We are interested in the problem of estimating the structure of compound scenes from a set of images. Such scenes are prevalent in our everyday environment, and in many cases our knowledge of their innate structure is essential to our understanding of them. They include man made objects such as buildings, furniture, and cars, but also natural objects such as animals and plants. Our goal is to find the simplest construction which explains the shape of the scene, using a given library of parts. Unlike most work on the recovery of shape from images, our method does not generate a point cloud, or a volume, but a structural explanation of way the scene depicted is constructed. In this sense it is aligned with the blocks-world approach from the 1960s.
Much like the blocks-world approaches, our goal is to recover a semantic model of the structure of the scene. Instead of creating a simpler volumetric, or point cloud model of a scene, we wish to create a model which captures interdependencies between parts of a scene, and allows us to say “These are the wheels of the car so this is how it will move.” (fig. 1), or “This is how a wall might collapse in an accident, or a temple might collapse in an earthquake”.

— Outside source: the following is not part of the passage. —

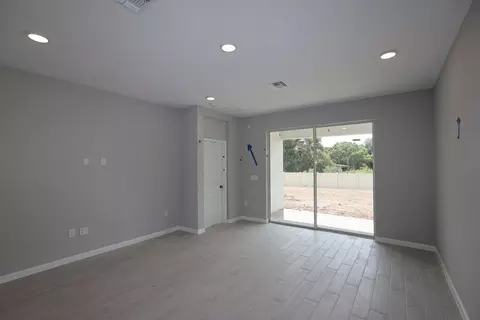 Living - 1308 Hyde St, Saint Cloud, FL 34771 photo 4 of 7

In this work, we focus on Lego block based reconstructions of both synthetic and natural scenes. We do this for two reasons: The use of Lego blocks emphasizes the tactile and interactive nature of our reconstructions, while the grid structure of Lego also provides a natural discrete parametrization of our pose space. It should be emphasized, however, that despite the grid structure of Lego, our method can be successfully applied to reconstructing natural structures that are not based on a grid.